The program at the Walnut Street Theatre's Studio 3 is a retrospective of the PYPF's five seasons. The four plays, judged among the best submissions in previous years, are directed and performed by local professionals, and before they were staged originally at Temple, the student writers had worked closely with their teachers and experienced playwrights. That close attention has produced plays that have a professional sheen and productions that bring out the best in the works while glossing over some of the defects that plays by neophyte writers are bound to exhibit.
All the plays have their merits, but the final offering, Sweet the Nails by G. Patrick Jackson, is outstanding. An eloquent, sincere and truthful play about a boy's coming to terms with the fact that he is gay, it was written while Jackson was a senior at Friends Central School.

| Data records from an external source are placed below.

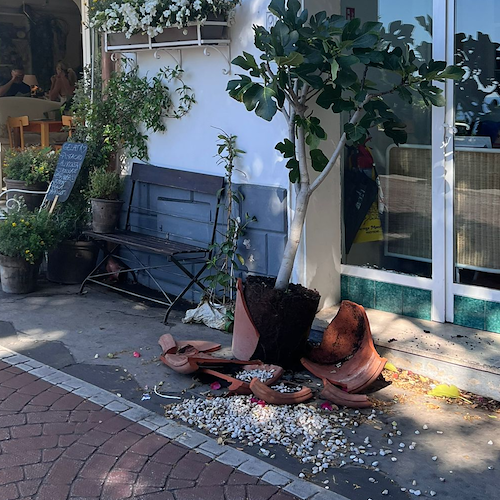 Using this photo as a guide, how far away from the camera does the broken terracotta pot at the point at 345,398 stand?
445cm

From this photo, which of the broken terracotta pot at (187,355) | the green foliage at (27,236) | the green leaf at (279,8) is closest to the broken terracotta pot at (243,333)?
the broken terracotta pot at (187,355)

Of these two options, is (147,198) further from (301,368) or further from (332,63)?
(332,63)

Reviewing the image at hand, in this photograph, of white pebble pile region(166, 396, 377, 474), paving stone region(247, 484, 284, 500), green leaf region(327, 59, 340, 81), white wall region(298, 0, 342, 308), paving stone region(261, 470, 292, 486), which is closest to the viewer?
paving stone region(247, 484, 284, 500)

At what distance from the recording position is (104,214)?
6.82 m

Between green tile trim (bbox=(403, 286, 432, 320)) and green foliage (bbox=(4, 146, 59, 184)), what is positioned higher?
green foliage (bbox=(4, 146, 59, 184))

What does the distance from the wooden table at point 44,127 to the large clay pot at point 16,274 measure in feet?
10.8

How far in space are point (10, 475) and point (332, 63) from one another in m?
2.79

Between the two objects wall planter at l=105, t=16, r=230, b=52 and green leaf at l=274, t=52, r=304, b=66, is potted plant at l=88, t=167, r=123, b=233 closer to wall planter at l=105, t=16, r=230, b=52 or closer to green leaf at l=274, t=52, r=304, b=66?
wall planter at l=105, t=16, r=230, b=52

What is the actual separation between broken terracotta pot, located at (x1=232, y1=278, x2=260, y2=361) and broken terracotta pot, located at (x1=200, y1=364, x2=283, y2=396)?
0.58 feet

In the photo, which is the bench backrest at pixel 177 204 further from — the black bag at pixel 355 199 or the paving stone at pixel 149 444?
the paving stone at pixel 149 444

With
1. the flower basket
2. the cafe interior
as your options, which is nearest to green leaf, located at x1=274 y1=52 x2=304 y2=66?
the flower basket

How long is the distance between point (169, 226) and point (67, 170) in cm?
120

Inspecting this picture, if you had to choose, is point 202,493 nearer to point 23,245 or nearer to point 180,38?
point 23,245

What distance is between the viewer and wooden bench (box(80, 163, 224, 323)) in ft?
20.6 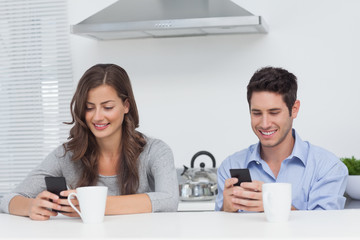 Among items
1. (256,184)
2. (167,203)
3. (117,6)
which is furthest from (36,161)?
(256,184)

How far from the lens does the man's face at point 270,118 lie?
2.25m

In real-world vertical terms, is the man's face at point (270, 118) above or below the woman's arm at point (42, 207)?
above

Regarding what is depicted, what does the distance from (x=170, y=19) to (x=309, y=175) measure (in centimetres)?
149

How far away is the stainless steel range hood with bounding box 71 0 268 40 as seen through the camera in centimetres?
336

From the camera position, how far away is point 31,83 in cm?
405

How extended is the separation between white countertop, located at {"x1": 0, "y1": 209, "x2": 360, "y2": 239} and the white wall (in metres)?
1.96

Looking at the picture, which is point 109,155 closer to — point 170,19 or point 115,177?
point 115,177

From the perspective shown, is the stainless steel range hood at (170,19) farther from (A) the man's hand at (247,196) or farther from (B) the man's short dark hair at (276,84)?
(A) the man's hand at (247,196)

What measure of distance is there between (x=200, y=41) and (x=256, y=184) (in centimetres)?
210

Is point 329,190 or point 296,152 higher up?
point 296,152

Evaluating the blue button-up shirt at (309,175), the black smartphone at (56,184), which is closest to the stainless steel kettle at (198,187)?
the blue button-up shirt at (309,175)

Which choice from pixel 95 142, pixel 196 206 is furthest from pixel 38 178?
pixel 196 206

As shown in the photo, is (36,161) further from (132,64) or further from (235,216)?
(235,216)

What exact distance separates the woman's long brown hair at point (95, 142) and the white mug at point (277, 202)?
0.74 metres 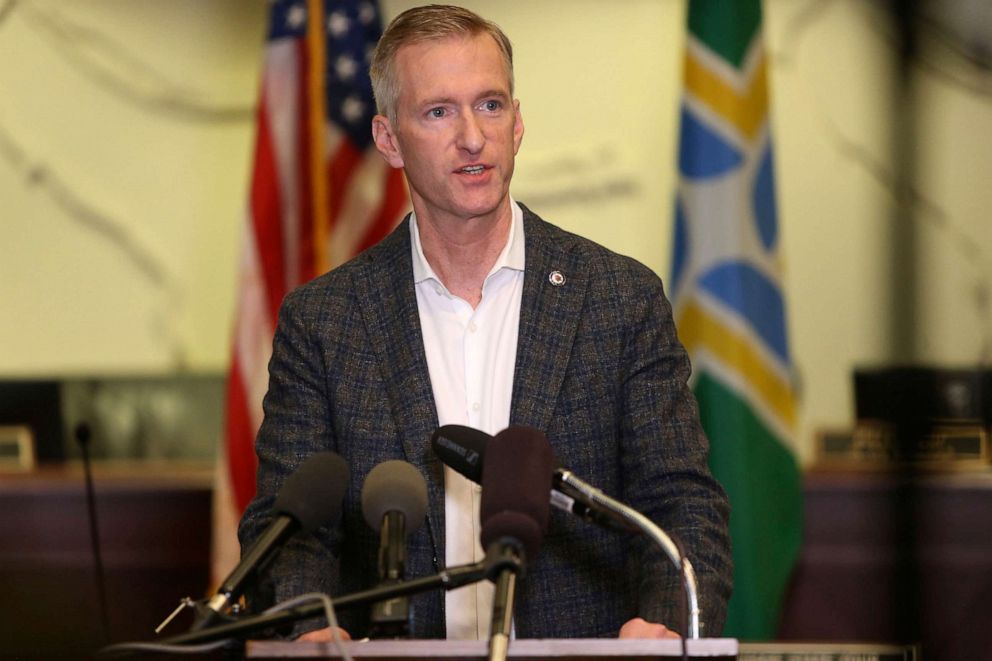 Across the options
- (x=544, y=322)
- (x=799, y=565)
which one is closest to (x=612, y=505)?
(x=544, y=322)

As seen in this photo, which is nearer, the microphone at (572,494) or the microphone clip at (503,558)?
the microphone clip at (503,558)

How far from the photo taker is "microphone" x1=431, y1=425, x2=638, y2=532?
1.70 metres

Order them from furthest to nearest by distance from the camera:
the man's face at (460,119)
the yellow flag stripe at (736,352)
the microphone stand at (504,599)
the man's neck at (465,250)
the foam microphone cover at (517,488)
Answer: the yellow flag stripe at (736,352) < the man's neck at (465,250) < the man's face at (460,119) < the foam microphone cover at (517,488) < the microphone stand at (504,599)

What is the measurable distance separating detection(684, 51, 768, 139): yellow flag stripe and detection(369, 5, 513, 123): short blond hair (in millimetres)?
2207

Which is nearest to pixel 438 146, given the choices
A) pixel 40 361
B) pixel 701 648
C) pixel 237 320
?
pixel 701 648

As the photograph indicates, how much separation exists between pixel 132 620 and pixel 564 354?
3369mm

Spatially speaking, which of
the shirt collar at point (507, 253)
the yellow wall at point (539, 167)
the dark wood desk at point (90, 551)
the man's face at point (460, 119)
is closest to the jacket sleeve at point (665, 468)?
the shirt collar at point (507, 253)

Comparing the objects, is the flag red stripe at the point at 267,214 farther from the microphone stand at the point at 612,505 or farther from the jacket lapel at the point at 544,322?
the microphone stand at the point at 612,505

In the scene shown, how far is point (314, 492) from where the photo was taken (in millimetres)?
1711

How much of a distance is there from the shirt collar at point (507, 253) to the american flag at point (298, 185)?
1937mm

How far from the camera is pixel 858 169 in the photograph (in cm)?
504

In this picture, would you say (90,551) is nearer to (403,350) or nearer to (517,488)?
(403,350)

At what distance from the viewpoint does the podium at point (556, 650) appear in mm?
1573

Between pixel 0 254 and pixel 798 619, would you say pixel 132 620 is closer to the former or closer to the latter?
pixel 0 254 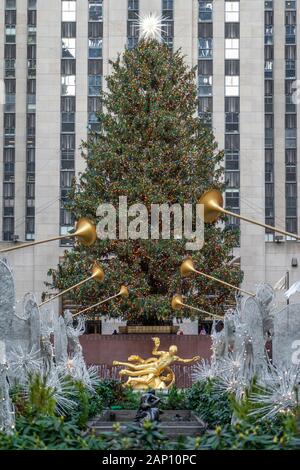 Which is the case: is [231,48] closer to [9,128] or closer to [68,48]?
[68,48]

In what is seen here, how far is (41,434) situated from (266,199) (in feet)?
183

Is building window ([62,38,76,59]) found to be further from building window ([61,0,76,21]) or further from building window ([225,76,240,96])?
building window ([225,76,240,96])

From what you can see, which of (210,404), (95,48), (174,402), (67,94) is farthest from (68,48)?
(210,404)

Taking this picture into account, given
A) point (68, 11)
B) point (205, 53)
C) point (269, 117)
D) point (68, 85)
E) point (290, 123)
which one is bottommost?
point (290, 123)

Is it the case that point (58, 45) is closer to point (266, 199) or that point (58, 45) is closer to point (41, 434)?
point (266, 199)

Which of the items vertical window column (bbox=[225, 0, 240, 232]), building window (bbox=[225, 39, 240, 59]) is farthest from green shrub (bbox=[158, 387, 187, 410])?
building window (bbox=[225, 39, 240, 59])

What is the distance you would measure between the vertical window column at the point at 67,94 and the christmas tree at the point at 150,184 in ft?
53.8

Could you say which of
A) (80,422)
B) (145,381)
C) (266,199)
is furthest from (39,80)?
(80,422)

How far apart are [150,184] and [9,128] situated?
24.1m

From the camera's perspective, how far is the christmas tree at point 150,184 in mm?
45750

In the long one-acter, Chris, the 17-year-old protagonist, reviews the treatment he has received over the years from taunting school chums, and his strained relationship with his conventional family. The focus, though, is on his relationship with his only friend, Peter, his defender and confidant, whose doubts about his own sexuality are resolved in the play's most searing scene. The culmination of the friendship makes Chris realize, in an affirmative and moving concluding monologue, that, while his sexuality sets him apart from his family and others, it also frees him to lead a new life on his own terms.
Jackson is honest in his portrayal of Chris. Although we can sympathize with the persecution and lack of understanding he encounters, he is himself demanding, manipulative and deliberately provoking. As written and in Peter Pryor's very natural, very fine performance, Chris is a thoroughly believable character.